● **What needs to be done**:
Pictures are not part of the copy. Write out exactly the lines from the line with "Spring Pink Tree Blossoms Stationery Flowers" through the end of the entries below.
------------------------------------
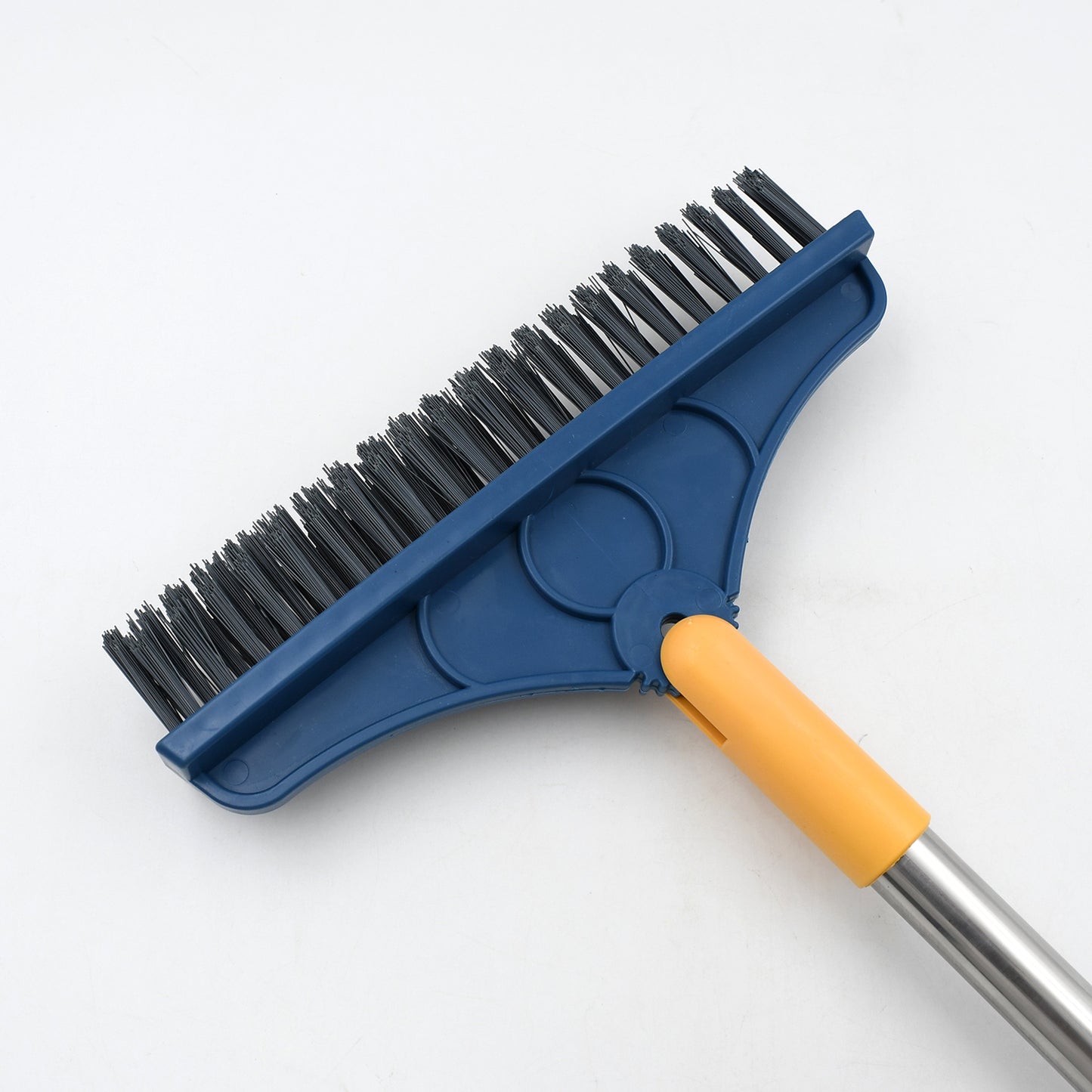 2 In 1 Cleaning Brush Long Handle Floor Brush Rotatable Cleaning Brush For Bathroom Kitchen 120 Degree Triangular Rotating Brush Head With Wiper - LootFaat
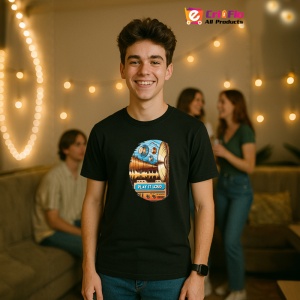 Tricou Play It Loud Caseta Retro Colorata, Copii | Dama | Barbat, culoare negru - Img 6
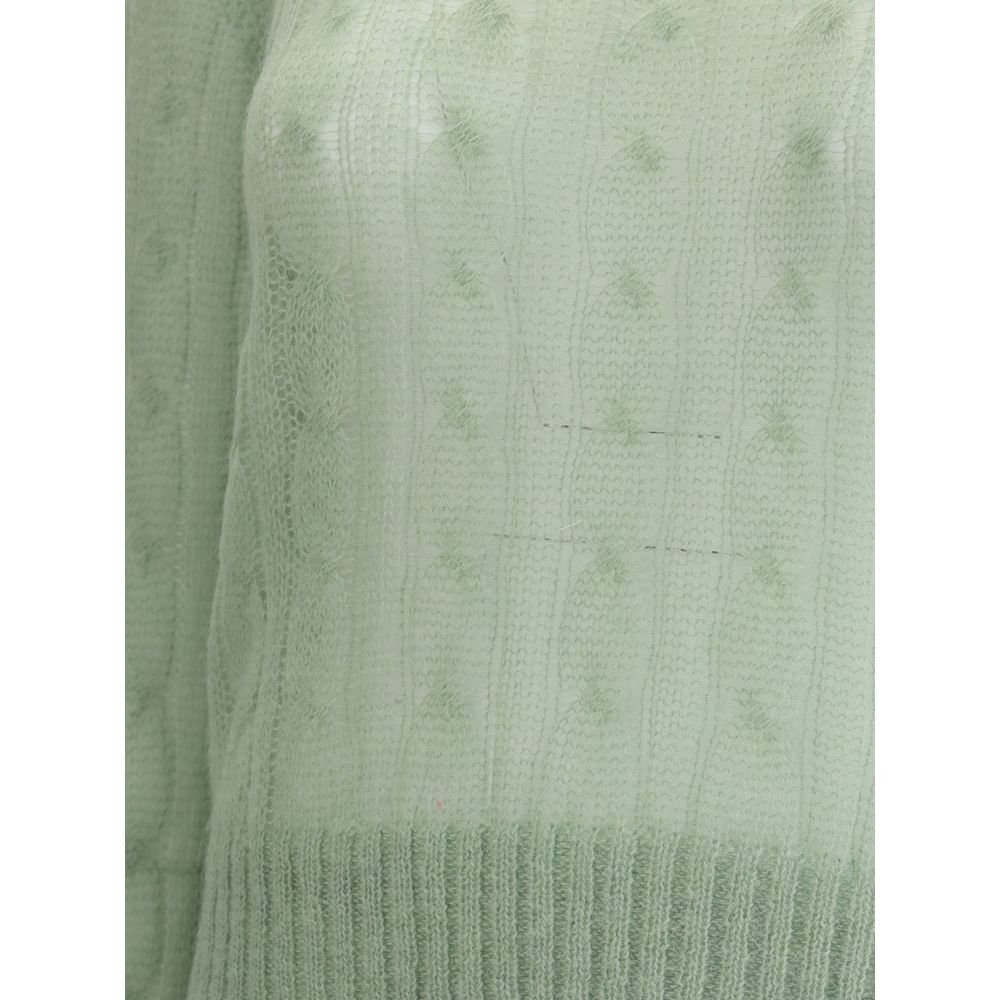 Zopfmusterpullover aus Mohair und Wolle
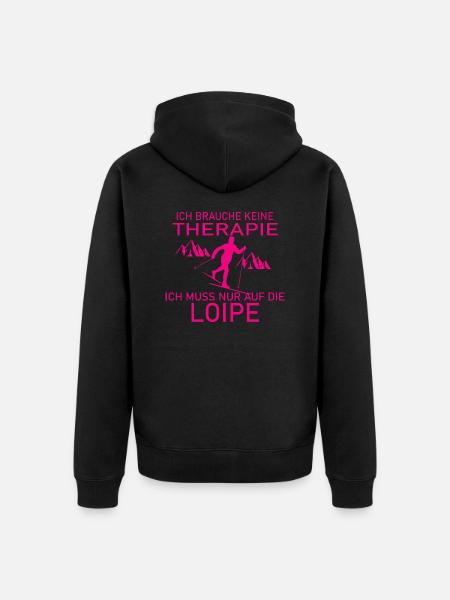 Langlauf Ski Skiing Biathlon - Unisex Premium Bio Zip Hoodie - Schwarz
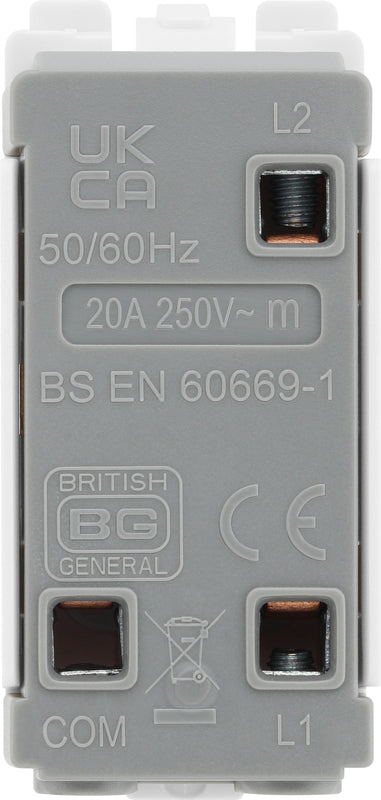BG RPCDW12C Evolve Grid White 20A 20AX 2 Way 1 Pole Centre-Off Switch Module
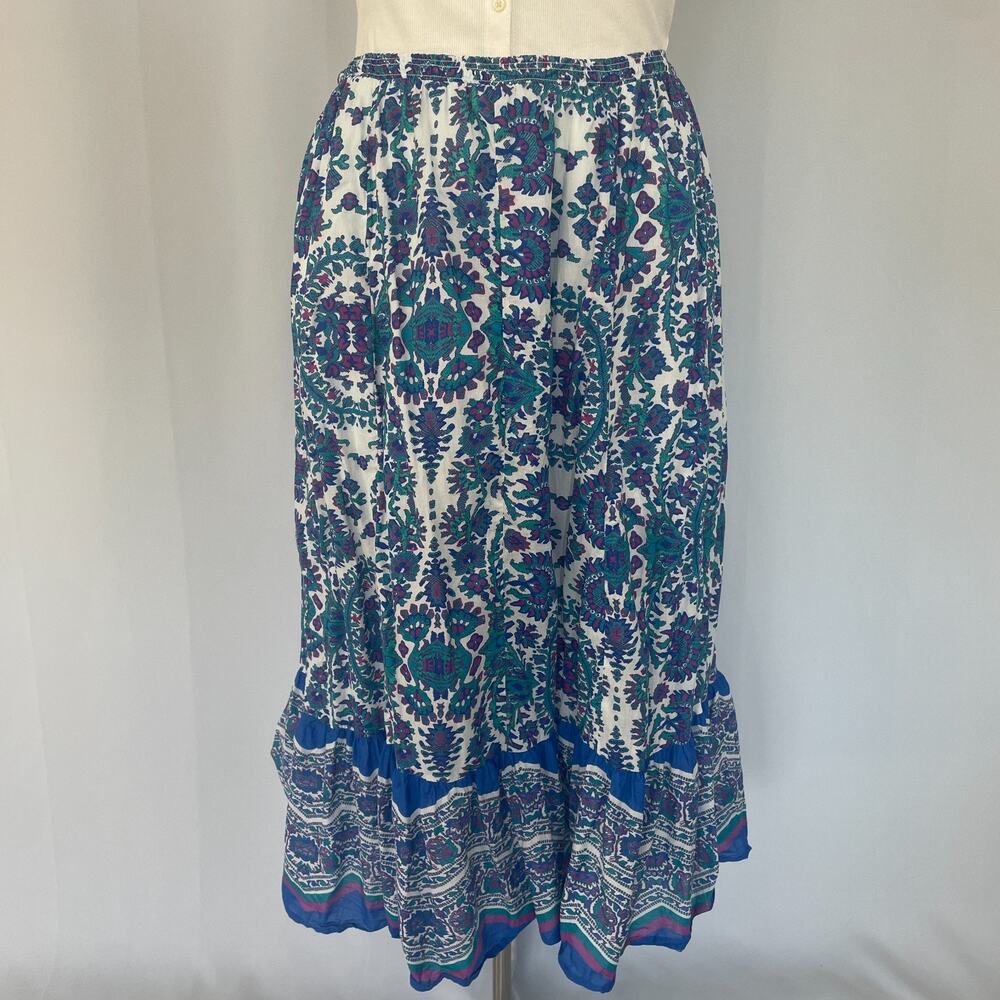 Lane Bryant Midi Skirt Plus Size 18 / 20 Blue Purple Paisley Boho Tiered Whimsi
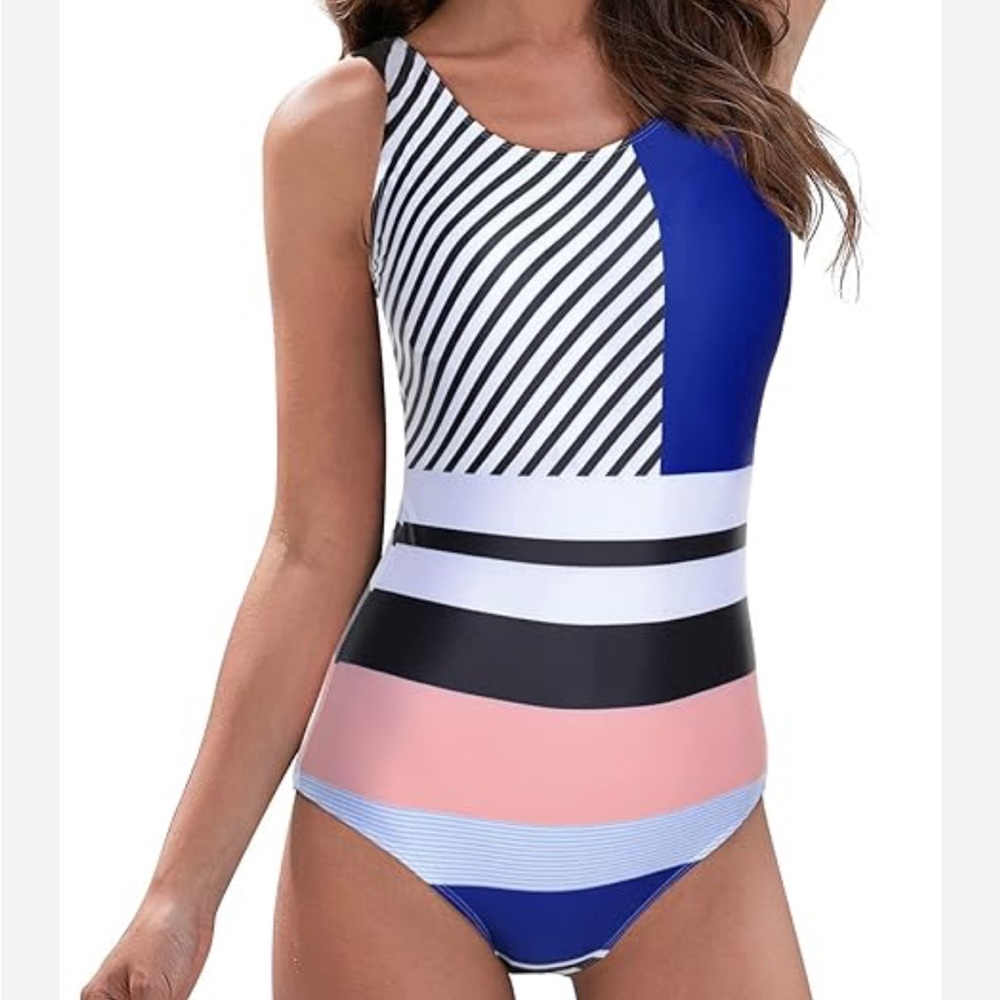 NWOT Zando Athletic One Piece Swimsuit Women Criss Cross Back One Piece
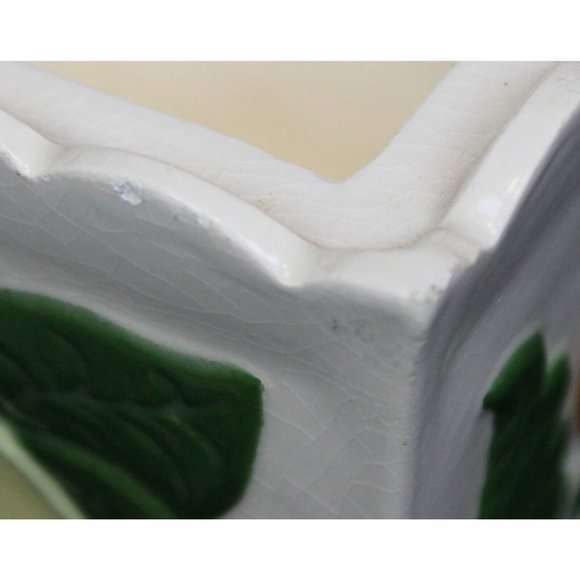 Vtg 1967 Hand Painted Ceramic Canister 6 pc Set Scalloped Edge Bird Fruit Flower - Picture 7 of 15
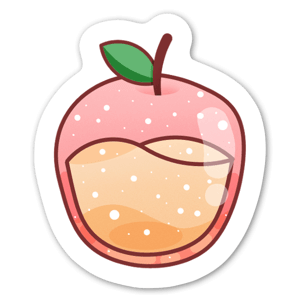 Cute apple with liquid inside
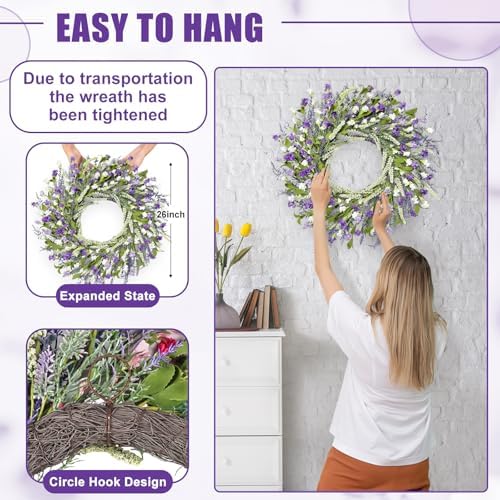 Artgar 26 Inch Spring Wreaths for Front Door, Large Paper Flower Wreath - Image 3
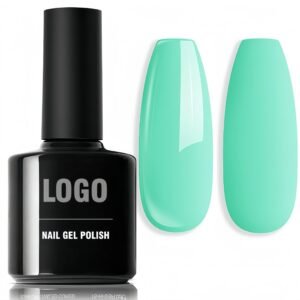 Pastel Blue Green Solid Color Gel Polish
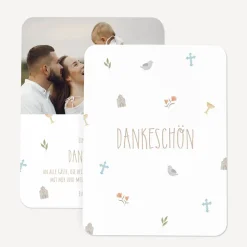 Danksagung Taufe runde Ecken "Kleine Symbole"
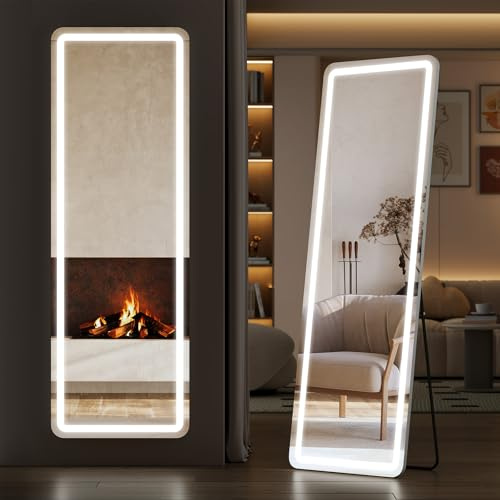 Sweetcrispy Full Length Mirror with LED Lights, 65x21 Lighted Floor Mirror with Dimming & 3 Color Lighting, Stand for Bedroom, Dressing Room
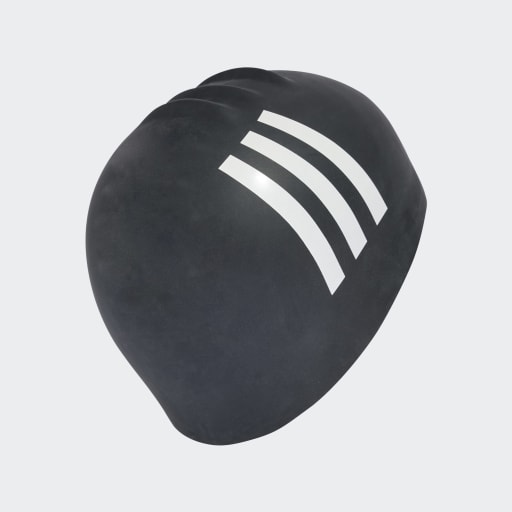 3-STRIPES SWIM CAP - Black / White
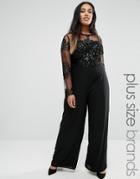 Lovedrobe Plus Jumpsuit With Embellished Mesh Top - Black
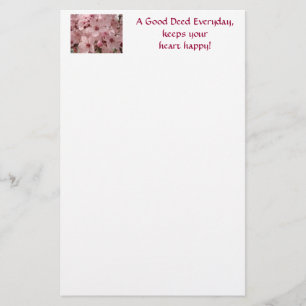 Spring Pink Tree Blossoms Stationery Flowers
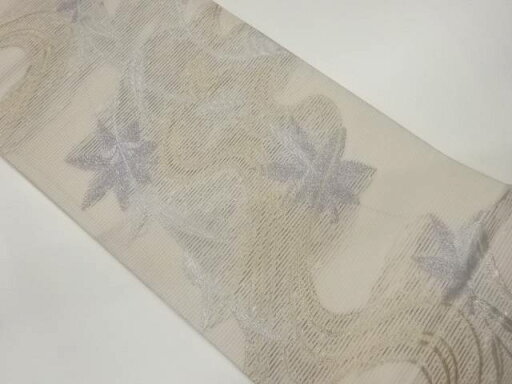 絽流水に草花模様織出し袋帯【中古】【着】 宗sou 絽流水に草花模様織出し袋帯【中古】【着】 宗sou
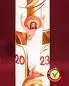 Preview: Osterkerze 800 x 80 mm Kreuz mit Christus, modern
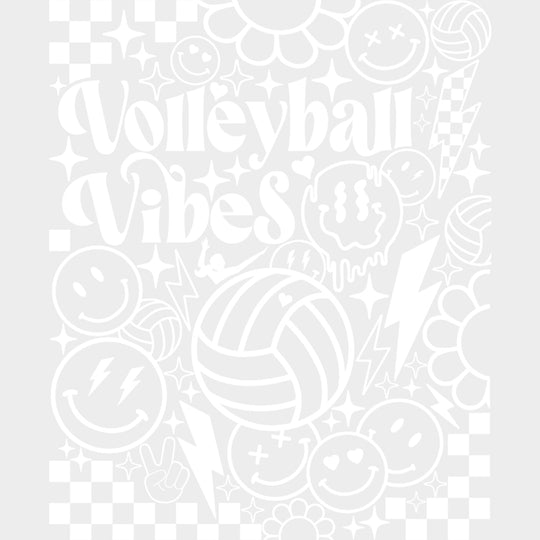 Volleyball Vibes Smileys - Volleyball DTF Transfers Adult Unisex - S & M (10’’) / Light Color Design (See Imaging)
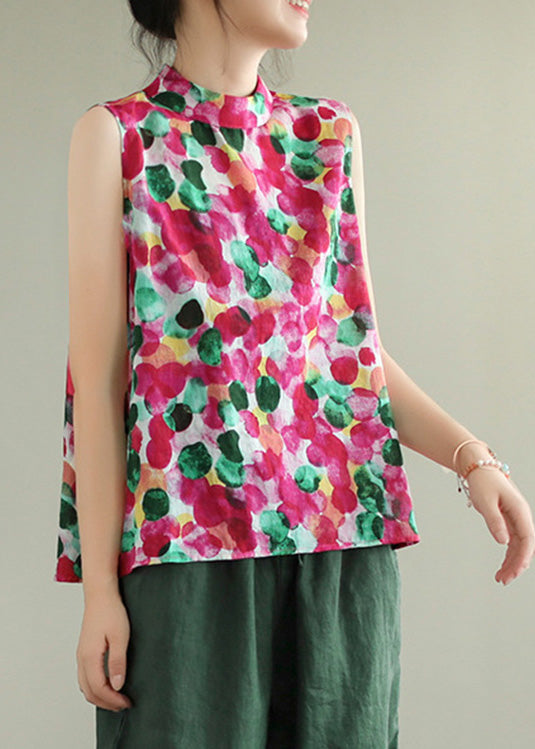 Naturrote Baumwollweste mit Print für den Sommer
------------------------------------
● **Output of the exercise**:
 Spring Pink Tree Blossoms Stationery Flowers
 絽流水に草花模様織出し袋帯【中古】【着】 宗sou 絽流水に草花模様織出し袋帯【中古】【着】 宗sou
 Preview: Osterkerze 800 x 80 mm Kreuz mit Christus, modern
 Volleyball Vibes Smileys - Volleyball DTF Transfers Adult Unisex - S & M (10’’) / Light Color Design (See Imaging)
 Naturrote Baumwollweste mit Print für den Sommer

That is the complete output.